Wide format printers produce banners, wall murals, vehicle wraps, trade show graphics, retail signage, event backdrops, windscreens, barrier covers, and large-scale branding installations. Industries served include sports and entertainment, corporate offices, hospitality, events, retail, and architecture.
What materials can be used in wide format printing?
Common flexible materials include vinyl, fabric, canvas, mesh, and backlit film. Rigid substrates include acrylic, PVC/Sintra, aluminum composite (DIBOND), foam board, and corrugated plastic. The right choice depends on whether the application is indoor or outdoor, the required durability, and the intended visual finish.
What types of ink are used in wide format printing?
The four main types are aqueous (water-based, best for indoor and fine art), solvent (durable, bonds to vinyl for outdoor use), UV-curable (works on rigid non-absorbent surfaces, cures instantly), and latex (water-based, eco-friendly, suitable for indoor and outdoor).
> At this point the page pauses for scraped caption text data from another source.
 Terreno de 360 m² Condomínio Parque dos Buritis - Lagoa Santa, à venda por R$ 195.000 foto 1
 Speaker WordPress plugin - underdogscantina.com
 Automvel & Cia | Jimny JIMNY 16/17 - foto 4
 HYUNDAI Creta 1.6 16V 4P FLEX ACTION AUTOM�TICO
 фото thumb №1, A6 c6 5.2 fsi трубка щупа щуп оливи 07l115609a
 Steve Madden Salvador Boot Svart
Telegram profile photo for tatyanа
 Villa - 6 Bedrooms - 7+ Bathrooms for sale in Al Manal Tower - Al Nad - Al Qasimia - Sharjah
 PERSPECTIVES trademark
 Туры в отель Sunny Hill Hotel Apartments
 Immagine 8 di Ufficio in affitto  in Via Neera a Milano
The best option depends on your substrate, environment, and how long the print needs to last.
How long do wide format prints last?
Lifespan depends on ink, substrate, lamination, and exposure. HP Latex prints achieve up to 3 years outdoors unlaminated and up to 6 years with specified 3M laminates. Indoor prints on quality materials can last 5+ years. Professional lamination significantly extends lifespan across all environments.
Is wide format printing suitable for indoor brand environments and corporate spaces?
Highly effective. Wide format printing produces wall murals, environmental graphics, branded glass installations, direct-to-acrylic art, and backlit displays for corporate offices, lobbies, hospitality spaces, and arenas. These applications reinforce brand identity and create immersive environments that elevate both employee and visitor experience.